[Start of section]

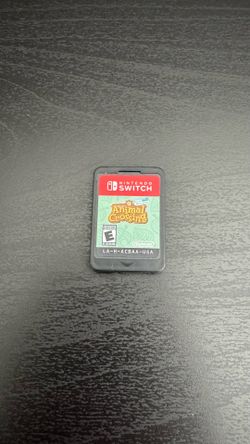 Animal Crossings: New Horizon
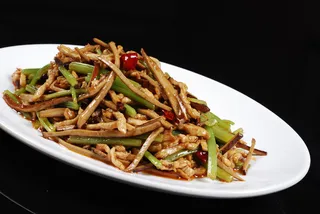0911XC-632芹菜肉丝炒香干
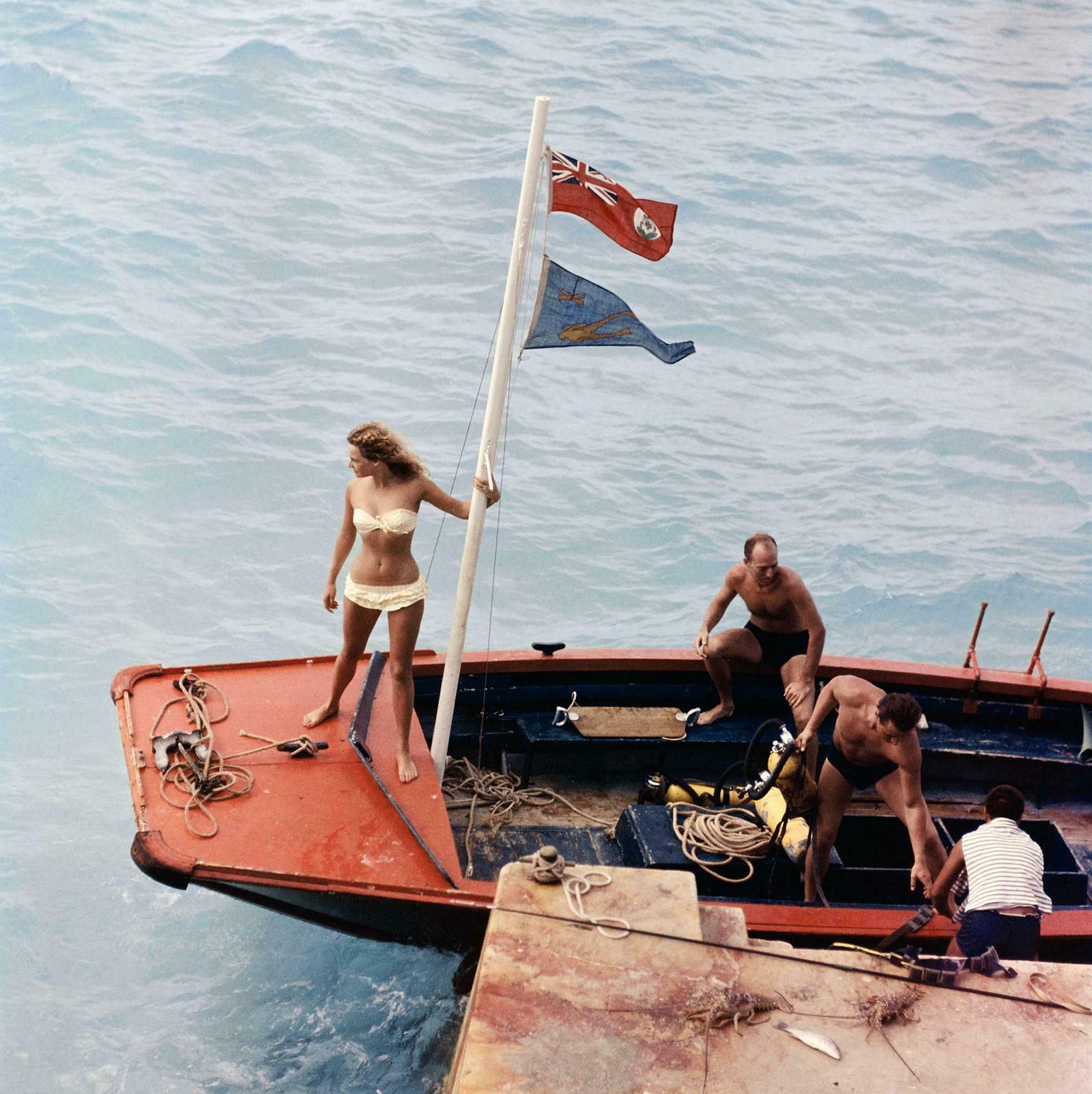 Andros Island, Slim Aarons   20th Century, Photography, Bahamas, Print, Sailing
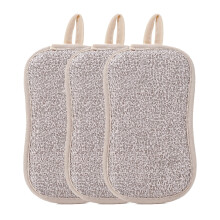 Kitchen cleaning towel absorbent 2-sided dish cloth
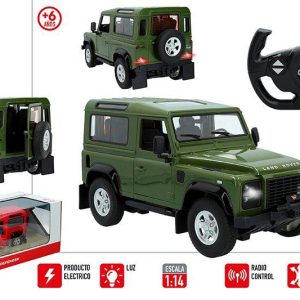 Coche land rover defender r/c 1:14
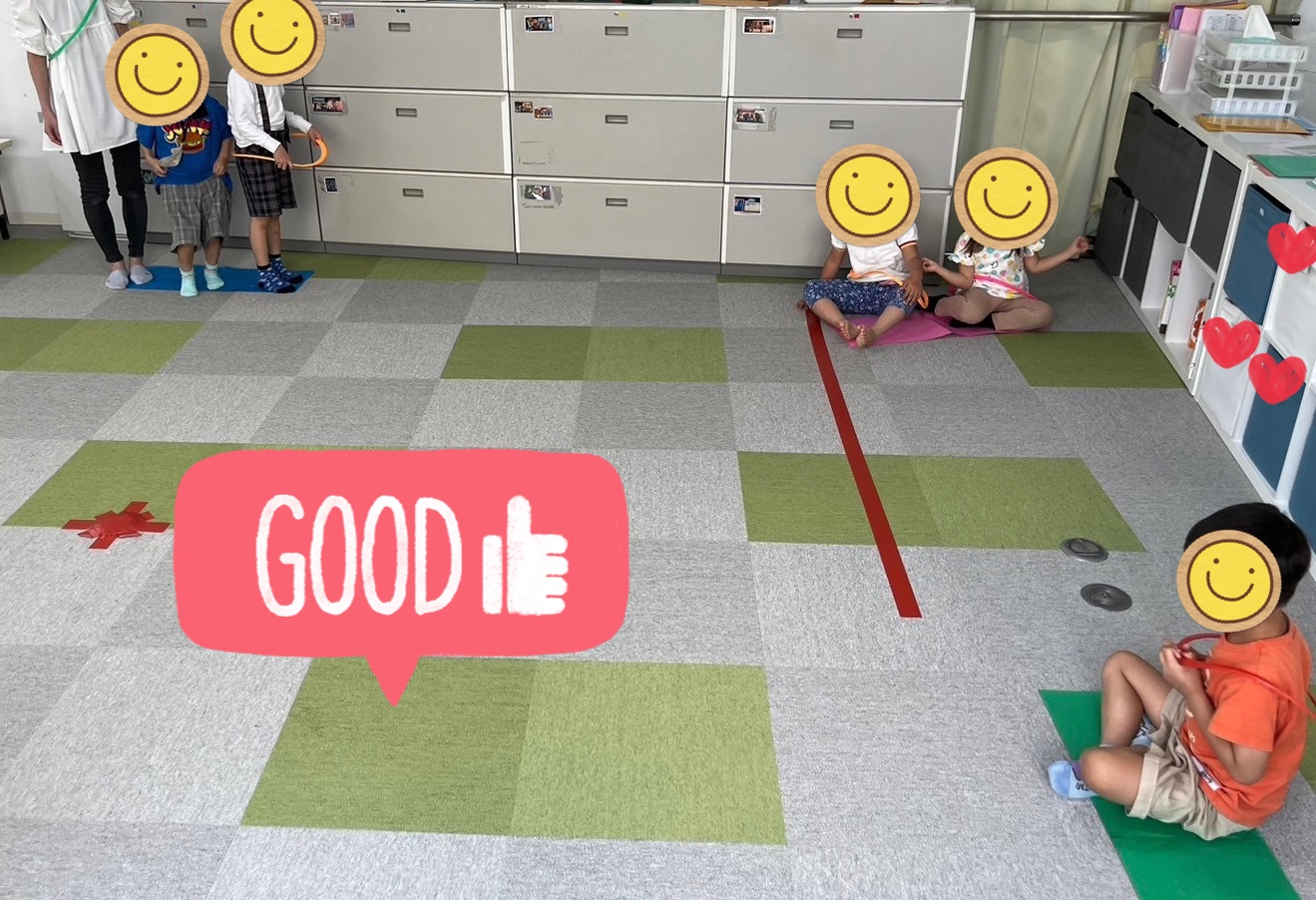 【北堀江】児童発達支援　リトミック🎵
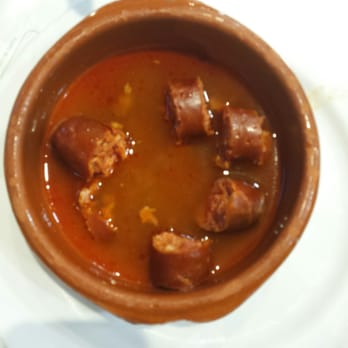 La Pumarada - Chorizo en sidra - Spanish Near Me - Oviedo, O La Pumarada - Chorizo en sidra - Spanish Near Me - Oviedo, O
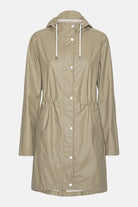 Parka Regenjas RAIN230FR | Coriander | Raincoat | Ilse Jacobsen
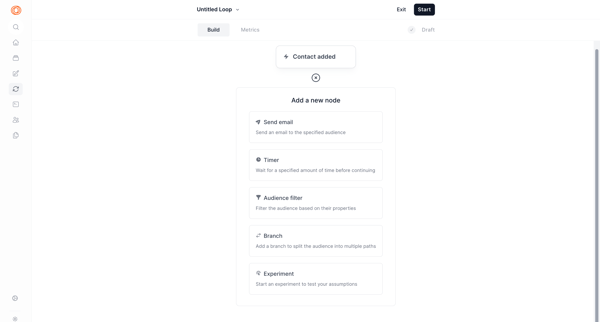 Untitled Loop screen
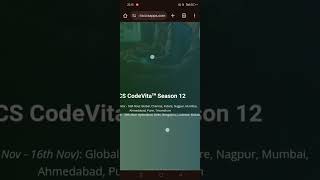 TCS CodeVita Season 12 exam date out😱 [upl. by Fulvi]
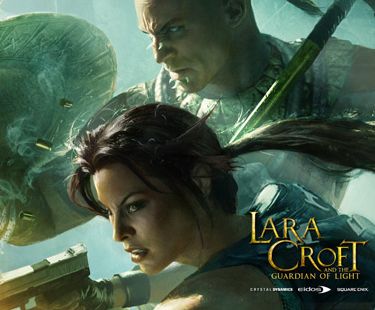 Lara Croft wil nog even niet samen spelen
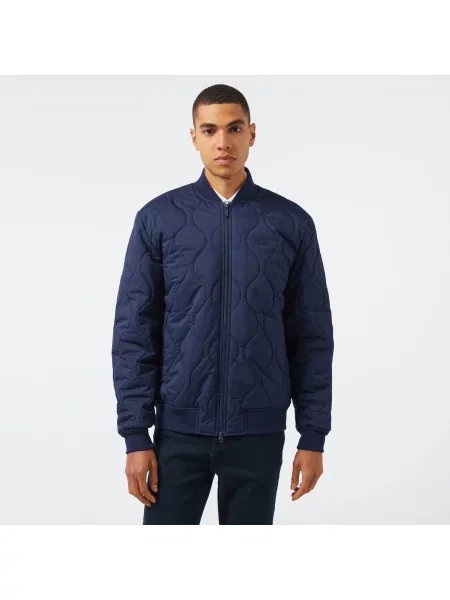 Lacoste Kurtka granatowa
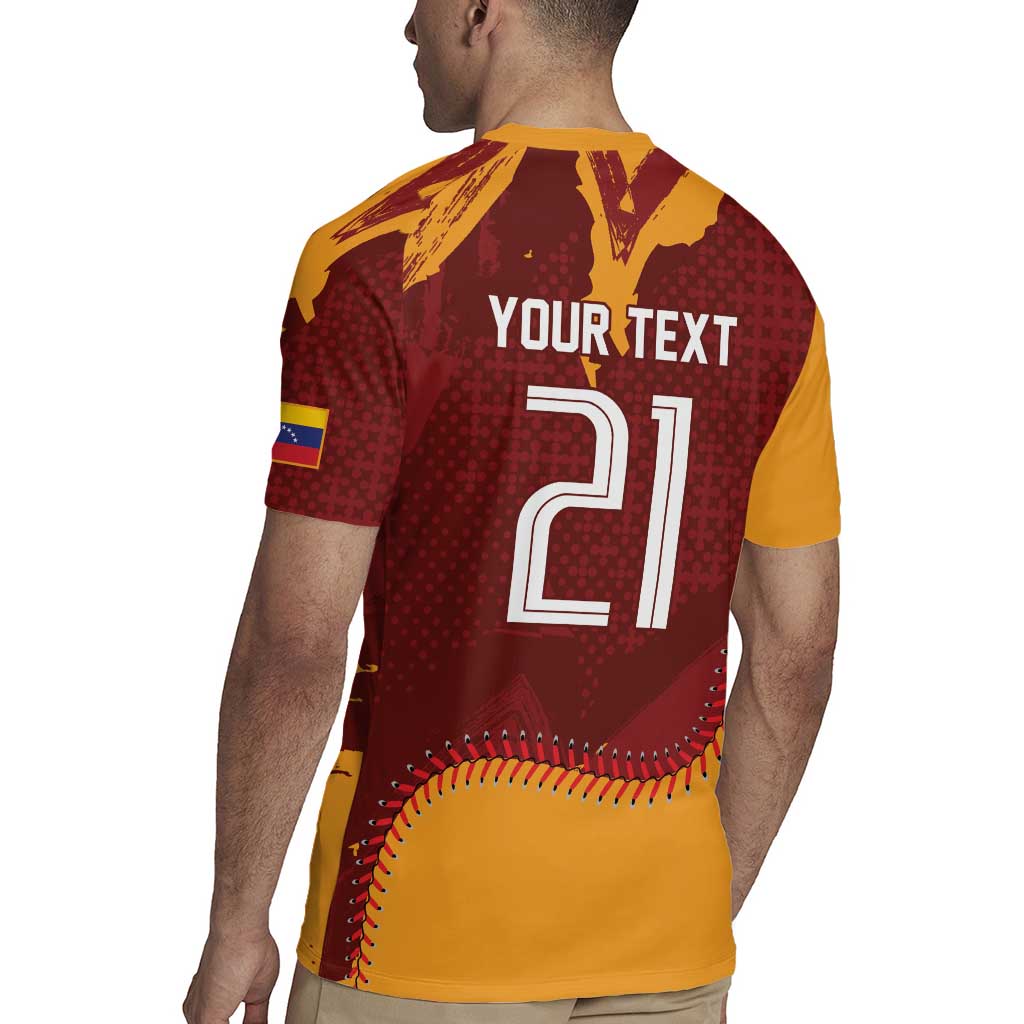Venezuela Baseball First World Champion 2026 Custom Rugby Jersey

[End of section]

Task prompt:
Inclusive range, exact copy: the line containing "Kitchen cleaning towel" through the last line of the listing. Print nothing else, and no pictures.

Answer section:
 Kitchen cleaning towel absorbent 2-sided dish cloth
 Coche land rover defender r/c 1:14
 【北堀江】児童発達支援　リトミック🎵
 La Pumarada - Chorizo en sidra - Spanish Near Me - Oviedo, O La Pumarada - Chorizo en sidra - Spanish Near Me - Oviedo, O
 Parka Regenjas RAIN230FR | Coriander | Raincoat | Ilse Jacobsen
 Untitled Loop screen
 TCS CodeVita Season 12 exam date out😱 [upl. by Fulvi]
 Lara Croft wil nog even niet samen spelen
 Lacoste Kurtka granatowa
Venezuela Baseball First World Champion 2026 Custom Rugby Jersey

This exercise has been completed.